To prove:
[tex]$\frac{1}{1-\cos x}-\frac{\cos x}{1+\cos x}=2 \cot ^{2} x+1[/tex]
Solution:
[tex]$LHS = \frac{1}{1-\cos x}-\frac{\cos x}{1+\cos x}[/tex]
Multiply first term by [tex]\frac{1+cos x}{1+cos x}[/tex] and second term by [tex]\frac{1-cos x}{1-cos x}[/tex].
[tex]$= \frac{1(1+\cos x)}{(1-\cos x)(1+\cos x)}-\frac{\cos x(1-\cos x)}{(1+\cos x)(1-\cos x)}[/tex]
Using the identity: [tex](a-b)(a+b)=(a^2-b^2)[/tex]

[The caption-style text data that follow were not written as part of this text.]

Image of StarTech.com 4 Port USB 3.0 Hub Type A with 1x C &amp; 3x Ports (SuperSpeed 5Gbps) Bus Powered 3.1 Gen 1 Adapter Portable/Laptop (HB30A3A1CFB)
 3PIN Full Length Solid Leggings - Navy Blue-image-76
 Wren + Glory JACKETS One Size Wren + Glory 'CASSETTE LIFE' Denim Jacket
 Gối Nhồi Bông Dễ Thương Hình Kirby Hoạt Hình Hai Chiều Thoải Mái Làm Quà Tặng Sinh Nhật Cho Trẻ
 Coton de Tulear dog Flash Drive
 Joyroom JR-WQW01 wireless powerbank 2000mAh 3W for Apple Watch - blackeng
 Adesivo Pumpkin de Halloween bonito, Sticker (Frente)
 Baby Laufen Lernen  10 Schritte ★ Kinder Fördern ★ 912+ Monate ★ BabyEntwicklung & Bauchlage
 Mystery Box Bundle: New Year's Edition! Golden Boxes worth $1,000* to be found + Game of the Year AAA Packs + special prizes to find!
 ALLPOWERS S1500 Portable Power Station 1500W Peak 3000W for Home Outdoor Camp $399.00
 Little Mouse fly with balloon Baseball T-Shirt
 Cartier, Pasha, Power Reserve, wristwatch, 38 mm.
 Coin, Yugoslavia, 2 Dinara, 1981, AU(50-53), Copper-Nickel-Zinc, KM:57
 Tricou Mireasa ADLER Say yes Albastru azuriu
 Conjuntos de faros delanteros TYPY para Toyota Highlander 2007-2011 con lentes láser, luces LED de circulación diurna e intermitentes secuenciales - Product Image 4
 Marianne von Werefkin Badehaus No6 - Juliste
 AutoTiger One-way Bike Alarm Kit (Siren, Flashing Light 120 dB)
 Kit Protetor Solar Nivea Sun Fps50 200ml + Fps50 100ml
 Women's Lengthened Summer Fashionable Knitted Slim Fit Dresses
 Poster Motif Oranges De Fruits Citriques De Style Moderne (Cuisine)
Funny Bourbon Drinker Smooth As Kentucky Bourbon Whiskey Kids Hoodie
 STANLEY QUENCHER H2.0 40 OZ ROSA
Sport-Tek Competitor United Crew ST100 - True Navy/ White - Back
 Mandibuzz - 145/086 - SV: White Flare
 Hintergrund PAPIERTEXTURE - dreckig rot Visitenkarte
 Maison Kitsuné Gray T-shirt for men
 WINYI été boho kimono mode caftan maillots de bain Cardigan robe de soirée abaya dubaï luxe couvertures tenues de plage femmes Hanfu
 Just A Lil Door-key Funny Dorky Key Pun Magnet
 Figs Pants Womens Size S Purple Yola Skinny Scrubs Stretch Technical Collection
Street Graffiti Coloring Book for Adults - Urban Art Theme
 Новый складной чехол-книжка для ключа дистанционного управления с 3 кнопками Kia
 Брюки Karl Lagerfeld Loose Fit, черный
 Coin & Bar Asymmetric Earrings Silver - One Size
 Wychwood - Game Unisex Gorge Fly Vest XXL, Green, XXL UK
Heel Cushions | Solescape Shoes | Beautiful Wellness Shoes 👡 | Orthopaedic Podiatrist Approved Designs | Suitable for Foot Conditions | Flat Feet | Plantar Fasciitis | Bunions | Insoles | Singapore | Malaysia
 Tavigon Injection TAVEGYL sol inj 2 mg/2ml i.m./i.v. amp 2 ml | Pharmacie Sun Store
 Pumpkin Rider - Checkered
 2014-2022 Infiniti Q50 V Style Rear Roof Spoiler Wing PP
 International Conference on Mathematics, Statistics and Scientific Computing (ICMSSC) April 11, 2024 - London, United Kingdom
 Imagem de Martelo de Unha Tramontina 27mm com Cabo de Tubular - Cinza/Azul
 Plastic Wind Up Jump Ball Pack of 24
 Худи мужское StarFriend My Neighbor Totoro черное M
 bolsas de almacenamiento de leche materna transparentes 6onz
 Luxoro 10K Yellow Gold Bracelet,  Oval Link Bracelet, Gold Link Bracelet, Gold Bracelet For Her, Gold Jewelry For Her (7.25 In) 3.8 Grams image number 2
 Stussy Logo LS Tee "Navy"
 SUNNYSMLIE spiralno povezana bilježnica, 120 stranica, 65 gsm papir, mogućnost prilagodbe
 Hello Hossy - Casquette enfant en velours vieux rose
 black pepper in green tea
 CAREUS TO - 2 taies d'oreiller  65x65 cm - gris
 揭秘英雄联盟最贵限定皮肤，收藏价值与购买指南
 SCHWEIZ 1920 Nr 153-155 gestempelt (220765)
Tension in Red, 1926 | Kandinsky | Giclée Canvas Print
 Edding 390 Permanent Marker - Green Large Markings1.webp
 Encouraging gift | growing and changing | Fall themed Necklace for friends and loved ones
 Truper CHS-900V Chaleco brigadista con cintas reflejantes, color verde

[tex]$= \frac{1+\cos x}{(1^2-\cos^2 x)}-\frac{\cos x-\cos^2 x}{(1^2-\cos^2 x)}[/tex]
Denominators are same, you can subtract the fractions.
[tex]$= \frac{1+\cos x-\cos x+\cos^2 x}{(1^2-\cos^2 x)}[/tex]
Using the identity: [tex]1-\cos ^{2}(x)=\sin ^{2}(x)[/tex]
[tex]$= \frac{1+\cos^2 x}{\sin^2x}[/tex]
Using the identity: [tex]1=\cos ^{2}(x)+\sin ^{2}(x)[/tex]
[tex]$=\frac{\cos ^{2}x+\cos ^{2}x+\sin ^{2}x}{\sin ^{2}x}[/tex]
[tex]$=\frac{\sin ^{2}x+2 \cos ^{2}x}{\sin ^{2}x}[/tex] ------------ (1)
[tex]RHS=2 \cot ^{2} x+1[/tex]
Using the identity: [tex]\cot (x)=\frac{\cos (x)}{\sin (x)}[/tex]
[tex]$=1+2\left(\frac{\cos x}{\sin x}\right)^{2}[/tex]
[tex]$=1+2\frac{\cos^{2} x}{\sin^{2} x}[/tex]
[tex]$=\frac{\sin^2 x + 2\cos^{2} x}{\sin^2 x}[/tex] ------------ (2)
Equation (1) = Equation (2)
LHS = RHS
[tex]$\frac{1}{1-\cos x}-\frac{\cos x}{1+\cos x}=2 \cot ^{2} x+1[/tex]
Hence proved.